Another important issue is the return value optimizatoin of C++.
http://en.wikipedia.org/wiki/Return_value_optimization (though the
article claims msvc++ supports this feature)
Yet another thing one should not forget is that a language allowing
pointers which may point to literally everywhere, pointer arithmetic
and so on really makes headaches for compiler writers. C/C++
enthusiasts often claim how fast pointers are but this is only the
case if the compiler is _really_ smart. That's why Fortran is
sometimes faster than C. And since std::string uses pointers
internally this may be the reason why msvc++ is not able to inline the
function.
Hope this helped a bit.
- Roland Leissa
OK. So it's MSVC++ specific. An interesting other combination would
maybe be MinGW/32 ... may I'll get something running and compare that.
> Are you sure you turned on all optimizations? Perhaps declaring the
> getter as
> std::string get() const {
> return s_;
> }
> helps.
Oh, I specifically *haven't* enabled all optimizations. I only have
enabled inlining, which should be sufficient for this testcase. (Well,
it appears to be with MSVC++)
> Another important issue is the return value optimizatoin of C++.
> http://en.wikipedia.org/wiki/Return_value_optimization (though the
> article claims msvc++ supports this feature)
>
RVO is there with MSVC (it always is, no matter what optimization level).
This shouldn't have any bearing on inlining vs. not inlining I guess.
> Yet another thing one should not forget is that a language allowing
> pointers which may point to literally everywhere, pointer arithmetic
> and so on really makes headaches for compiler writers. C/C++
> enthusiasts often claim how fast pointers are but this is only the
> case if the compiler is _really_ smart. That's why Fortran is
> sometimes faster than C. And since std::string uses pointers
> internally this may be the reason why msvc++ is not able to inline the
> function.
>
Well.
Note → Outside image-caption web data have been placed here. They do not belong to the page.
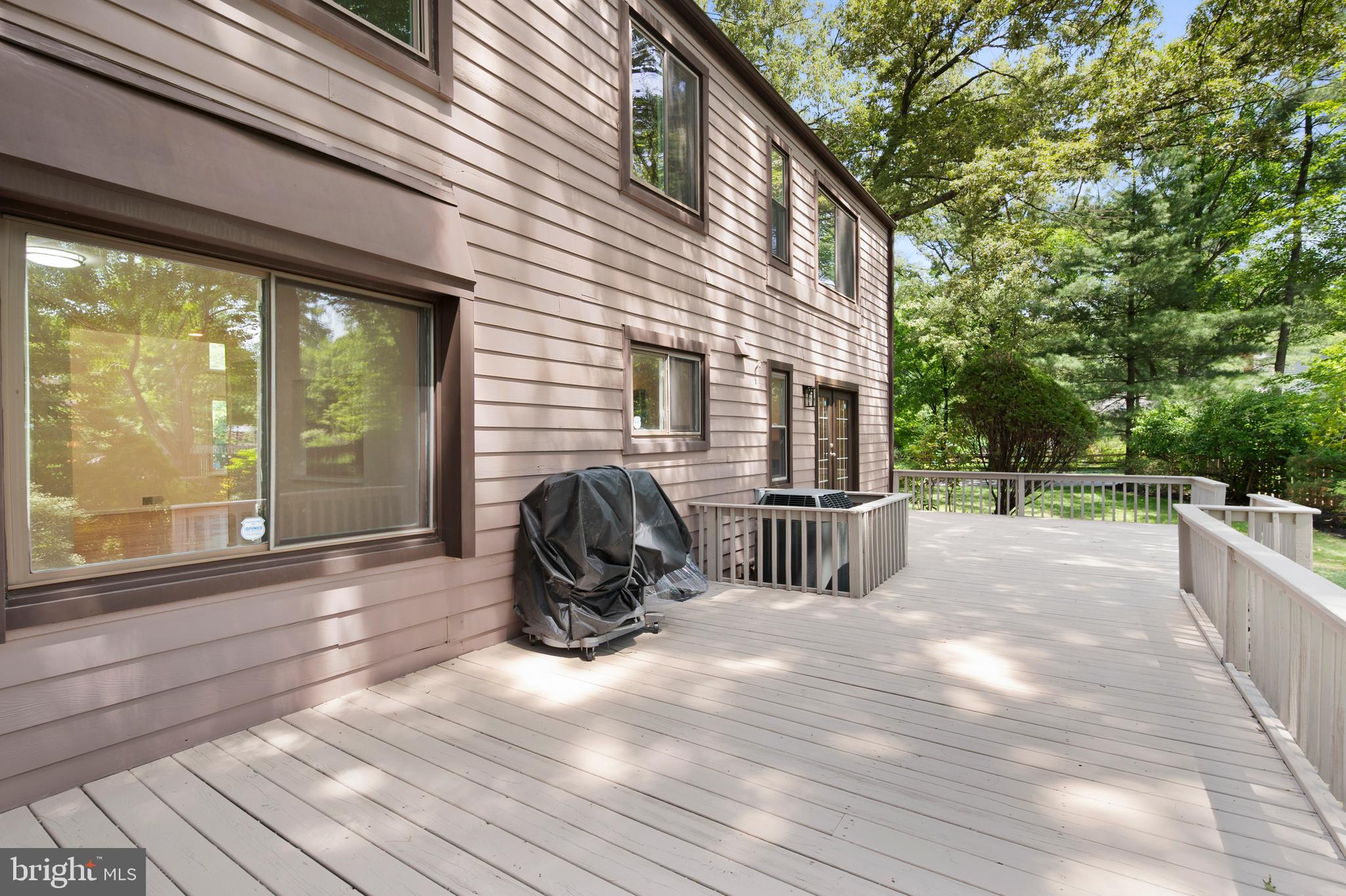 VILLAGE OF HICKORY RIDGE - Residential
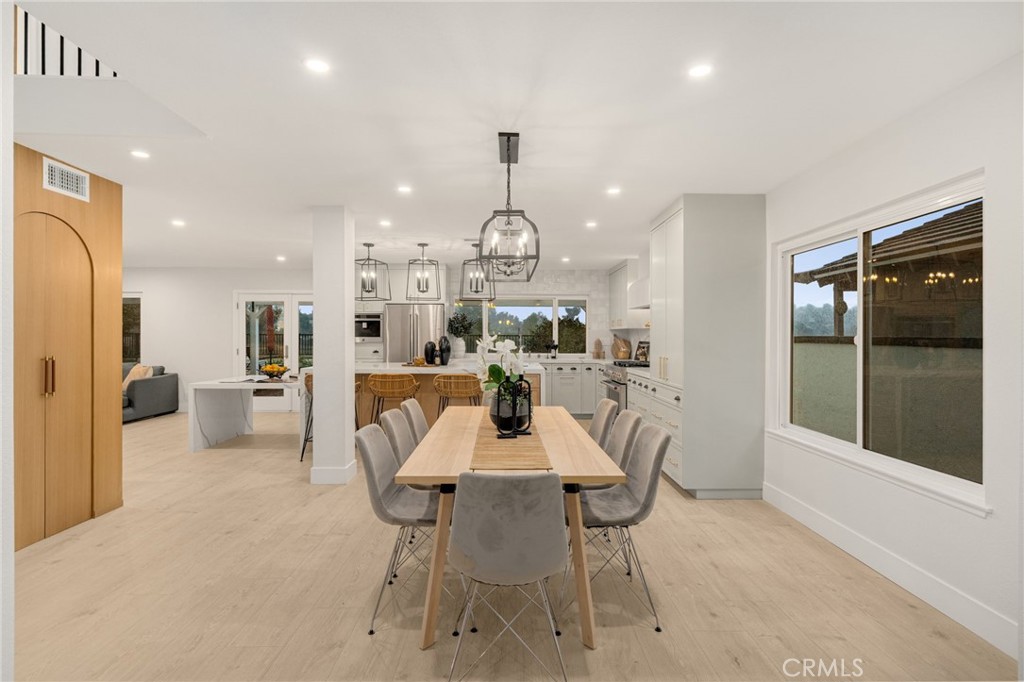 24362 Via Santa Clara Property Photo 7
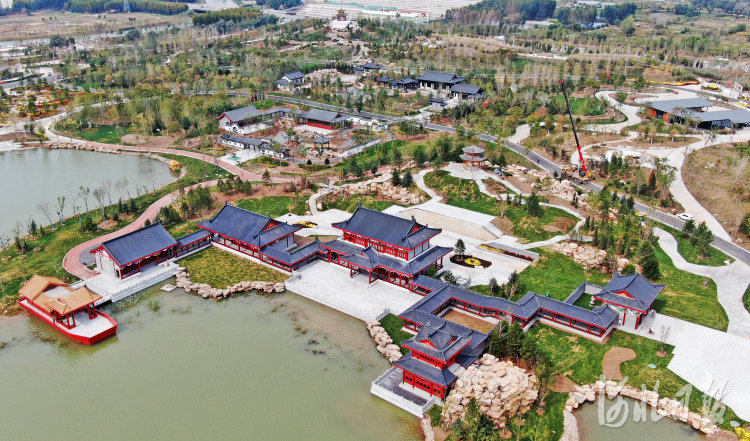 河北滄州:大運(yùn)河畔園林美景期待激情綻放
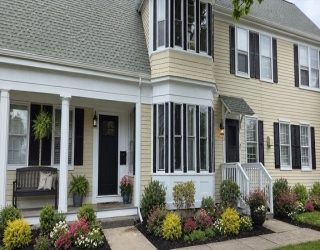 83 Union St, Rockland, Massachusetts, 5 Bedrooms Bedrooms, 12 Rooms Rooms,2 BathroomsBathrooms,Residential,For Sale,Union St,73533101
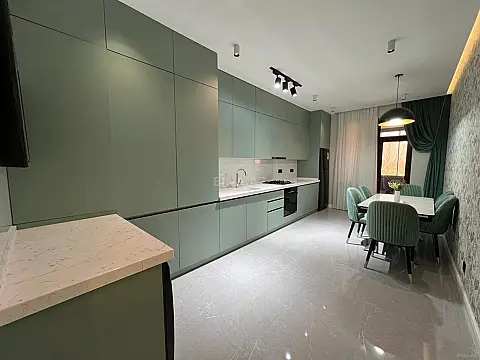 Kirayə verilir 3 otaqlı mənzil 130 m² — Bakı, Nərimanov 3 otaq 130.00 m²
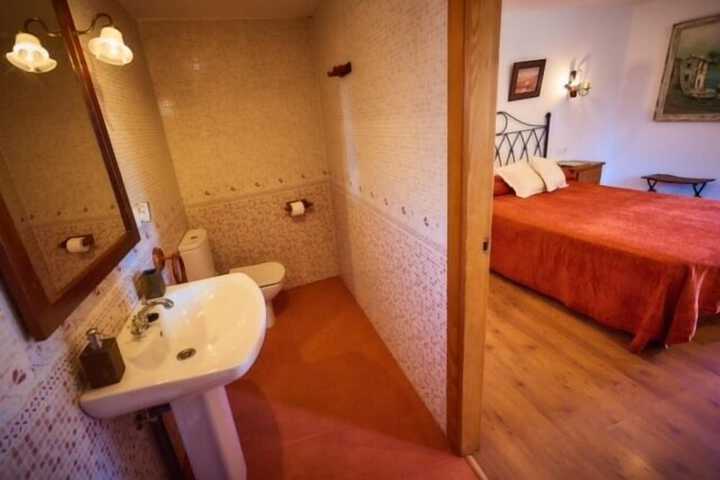 Room 17 of 32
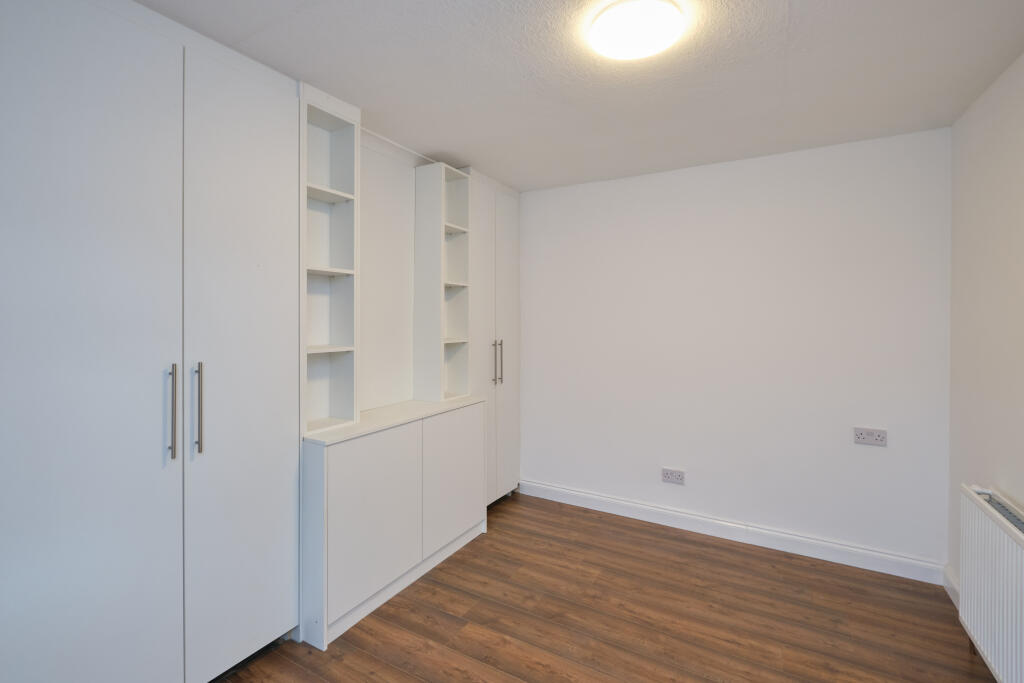 Additional property image - Warley Road, Oldbury, B68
MSVC won't inline any function returning an unwindable object,
i.e. an object with a non-empty destructor, it doesn't have anything to
do with if the object has some pointer members.
The point I was making in my OP was that the generated assembly code
minus the call itself + semantics appear to be exactly the same with the
function inlined vs. not inlined, so it strange that MSVC++ will never
inline such functions.
cheers,
Martin